Sen. Johnny Isakson, R-Ga., said a few days ago he was considering whether to press for federal intervention in a Georgia industry's state permit to discharge waste into the Ogeechee River.
The state Environmental Protection Division, a bad joke of a name for a toothless joke of an agency, has granted a new discharge permit to King America Finishing.
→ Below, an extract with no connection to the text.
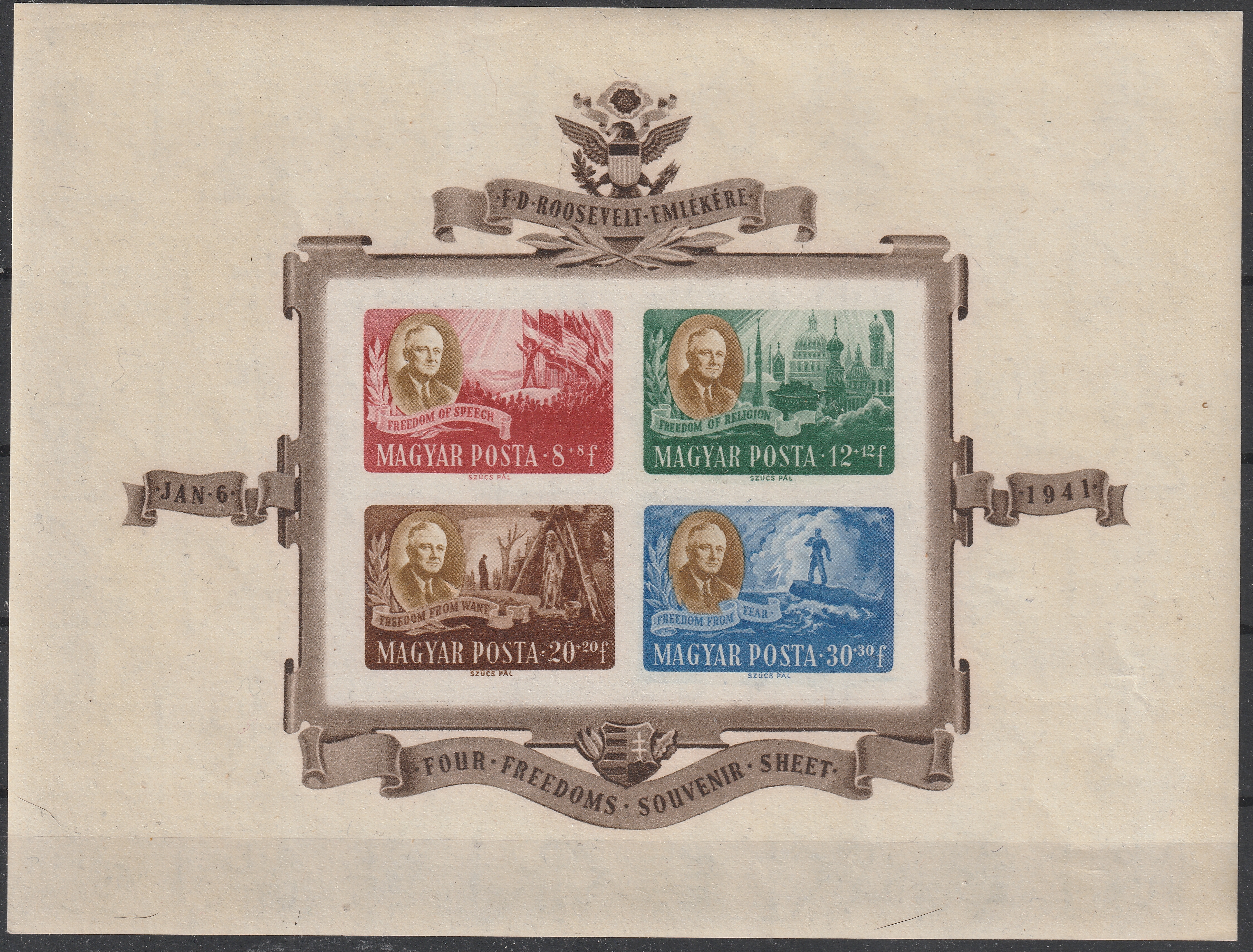 1947. F. D. Roosevelt vágott blokk – luxusminőség!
The state's position is that the new permit is more restrictive than the old one -- certainly a relief, given that King America last year paid the state $1 million (with no admission of wrongdoing, of course) after unpermitted discharges into the Ogeechee and the worst fish kill in state history.
Isakson's staff reportedly was looking into a federal law that gives the EPA authority to delegate enforcement of federal clean air and water laws to the states.
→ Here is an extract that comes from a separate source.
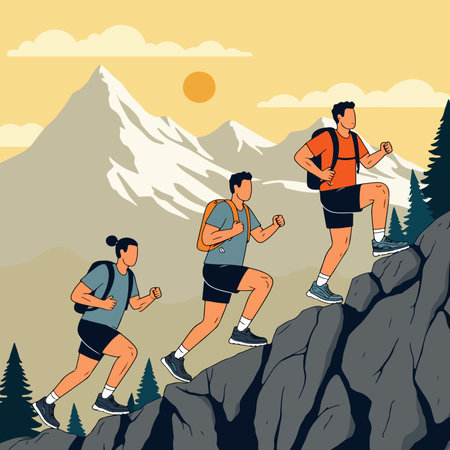 Illustration of three hikers climbing a rocky mountain with a scenic backdrop of mountains, trees, and a sunny sky.のイラスト素材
"The EPA at the federal level can intercede," Isakson told Walter C. Jones of Morris News Service. "It doesn't have to."
It's interesting to see Isakson, a thoughtful and circumspect public servant, pondering a judgment call on whether and when to call in bigger guns. "Big government," it seems, is not just in the eye of the beholder, but in the circumstances of the moment.
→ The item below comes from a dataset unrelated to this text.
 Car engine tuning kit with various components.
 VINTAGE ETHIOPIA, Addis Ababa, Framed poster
Nowhere is hypocrisy about government overreach more habitual than in Alabama, where loud lamentations against the tyrannical hand of Washington regularly emanate from a statehouse that dictates how many urinals can go in a county courthouse men's room. (OK, that's an exaggeration I think.)
Contradictory relationships between one level of government and another aren't limited to issues involving the feds. We've seen a previous Georgia governor, Sonny Perdue, push for authority to decide the size and composition of local school boards, and the current governor invoke state law to dissolve a grossly dysfunctional board in Miller County. We've also heard Deal's support for a constitutional amendment giving the state authority to establish charter schools.
And of course, we hear cheers from the Gold Dome whenever one of those meddling federal courts rules in "Georgia's" favor regarding the Chattahoochee River.
While Deal's contention that state charter schools constitute "true local control" doesn't make much sense in that context, I think I understand the principle he's operating from: When people's rights are being denied at -- and sometimes by -- one level of government it's the obligation, legal and moral, of the next level to intervene.
That was the fundamental conflict of the racial struggles of the 1950s and '60s: Jim Crow was framed by state politicians in the language of "rights," when the only actual rights in jeopardy were basic constitutional ones being denied American citizens by those states bellowing about their "rights."
When American citizens had to fight and bleed and sometimes die for fundamental constitutional principles recklessly discarded by race-baiting politicians in Atlanta and Montgomery and Baton Rouge and Little Rock, it was an American issue, not a "states' rights" one.
Tensions between tiers of government aren't always so momentous; they can be trivial and silly, and sometimes even funny. Years ago, Columbus Council proposed an ordinance to ban "drug clothing" -- apparel with stoner jokes or pictures of marijuana leaves, joints, bongs and the like. Then-City Attorney Hardy Polleys told council such an ordinance was "repugnant" (his word) to the letter and spirit of the First Amendment. It seems Washington's heavy hand hovered over Columbus in the form of that pesky Constitution thing.
A permit to discharge waste into the Ogeechee River isn't the constitutional crisis of civil rights -- although the potential precedent involved in who will protect the people's interest in the health of public waters is surely serious enough.
More power to the senator, however that power can best be wielded, in looking out for the interests of his state when the state itself can't or won't.